§ **Given material**
----

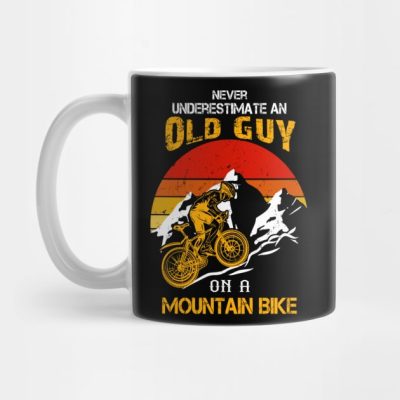 Never Underestimate An Old Guy On A Mountain Bike Mug Official Mountain Biker Merch
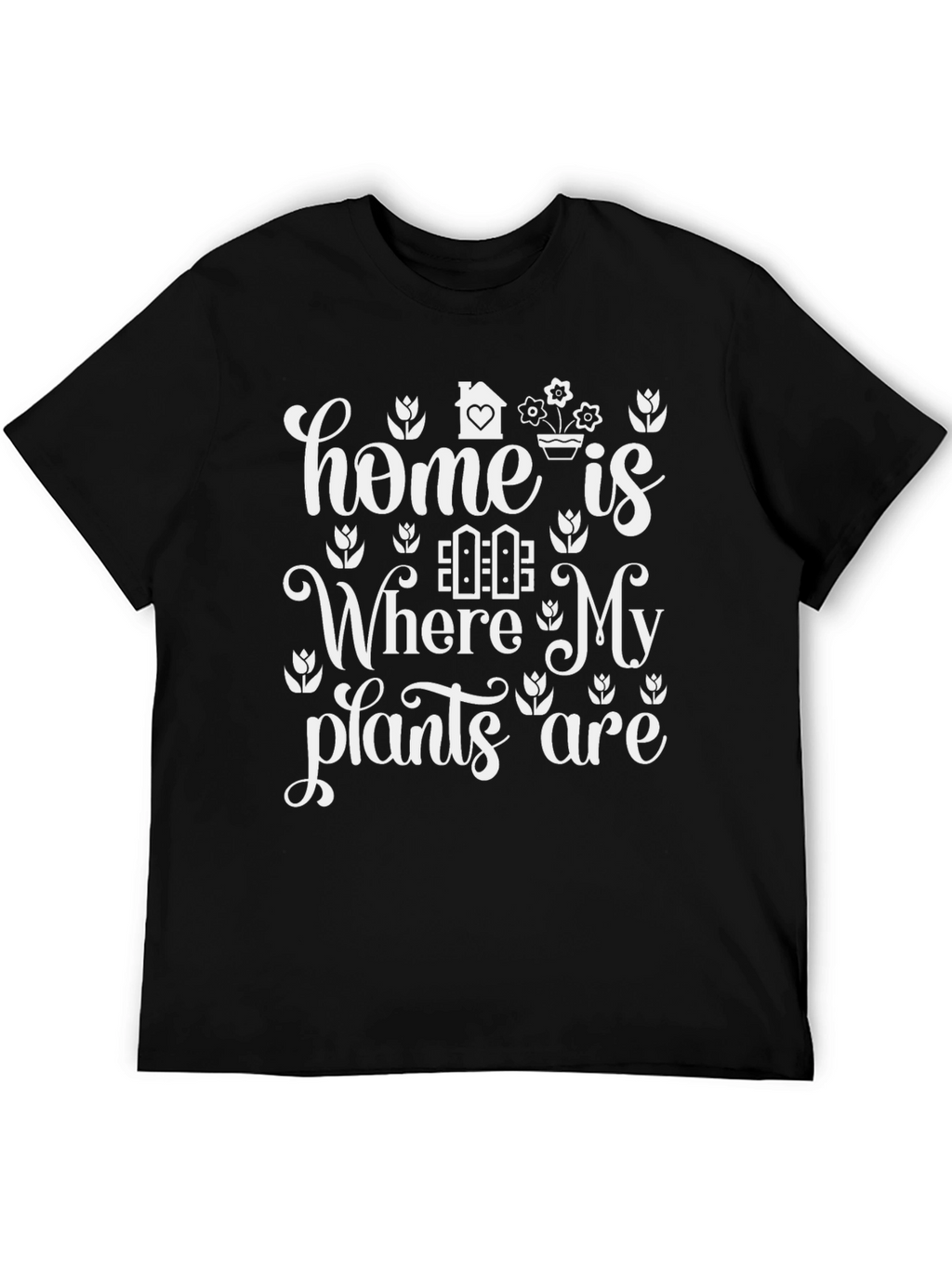 Home Is Where My Plants Are T-Shirt
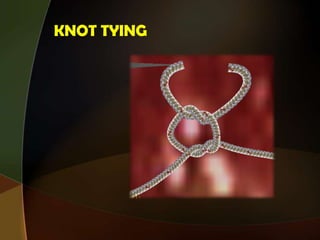KNOT TYING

----

§ **Brief**
Every word of the material, and none of its pictures, should be set down again.

§ **Reply to the task**
 Never Underestimate An Old Guy On A Mountain Bike Mug Official Mountain Biker Merch
 Home Is Where My Plants Are T-Shirt
KNOT TYING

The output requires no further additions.